A Compendium of Useful Information for the Practical Man/Carpentry and Woodworking/Carving and Whittling

How To Whittle edit

The age of whittling began with the invention of the pocket knife and reached its climax about 1840 or '50, dying out some time after the Civil War, probably about 1870. All the old whittlers of the whittling age whittled away from the body. If you practise whittling that way it will become a habit.

Indians use a crooked knife and whittle towards the body, but the queer shape of their knife does away with the danger of an accidental stab or slash. Cobblers use a wicked sharp knife and cut towards their person and often are severely slashed by it, and sometimes dangerously wounded, because a big artery runs along the inside of one's leg near where most of the scars on the cobbler's legs appear.
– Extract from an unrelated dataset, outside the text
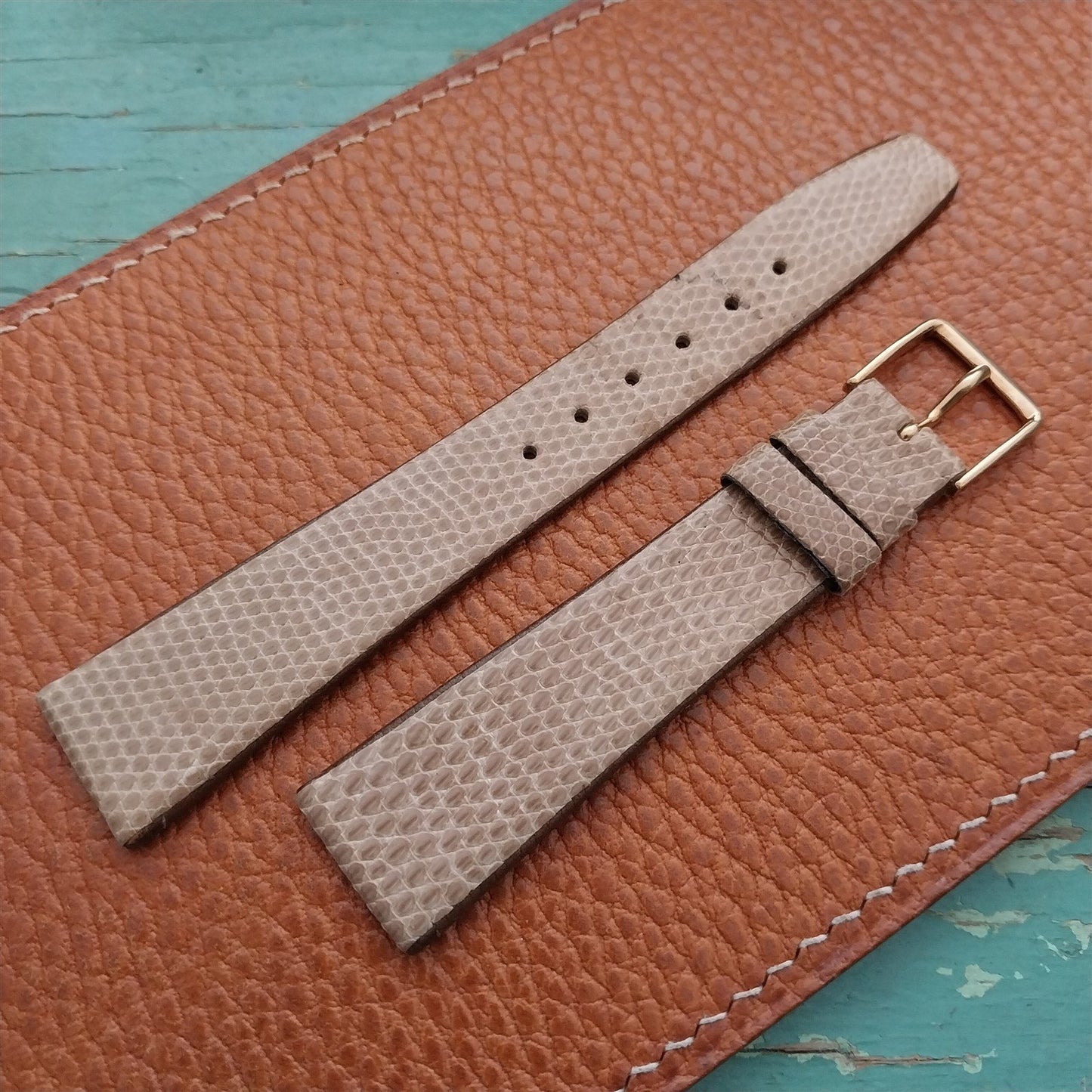 18mm Hadley Roma Natural Lizard nos Unused Vintage Watch Strap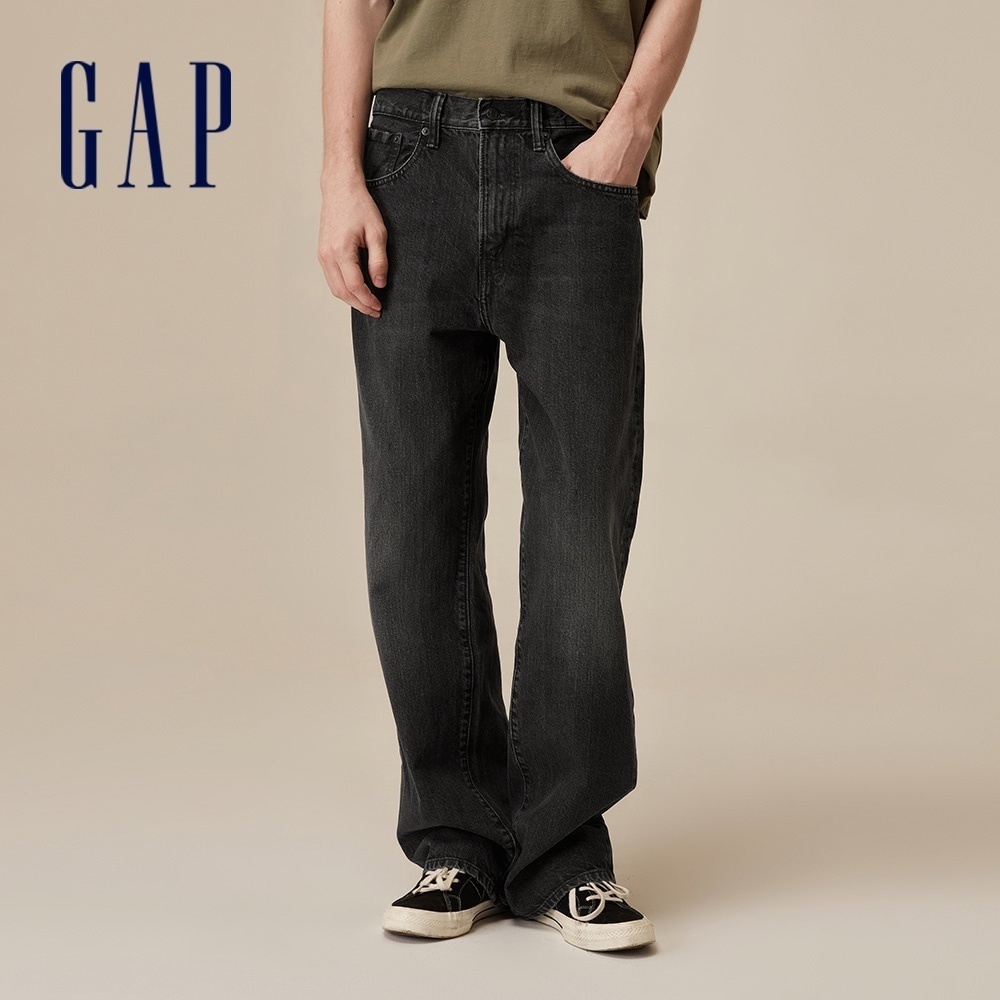 Gap 男裝 純棉水洗直筒牛仔褲-黑灰色(606186)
When you whittle do not whittle with a stick between your legs and always whittle away from you.

The American boys' handybook of camp-lore and woodcraft By Daniel Carter Beard

Straight and Cross Whittling edit

Stand erect—shoulders back and head up.

Hold the piece to be whittled in the left hand.

Grasp the knife in the right hand, binding thumb and fingers over the handle as in clenched fist.

Support the left arm against the body and leave the right arm free.

For straight whittling, with the grain, let the blade of the knife slant backward (about 45 degrees), and beginning near the handle draw the blade through the wood as it advances, thus using the entire cutting edge. The strokes should be long and even. If much wood is to be removed do not split it off in thick pieces but make the shavings as thin and uniform as possible.

For cross whittling, bring the piece nearer the body and elevate it slightly, resting the arm firmly against the body. Grasp the knife so that the thumb will rest against the side of the handle. Make a slight incision straight with the line, then a deeper one outside the line, slanting toward it, (about 45 degrees.) Make another straight cut just deep enough to remove the first chip. Repeat the process, always making the slanting cut deeper than the straight one, until the middle of the piece is reached, then turn it and begin at the other edge. When the surplus wood is thus removed grasp the piece between the thumb and knife and trim carefully to the line.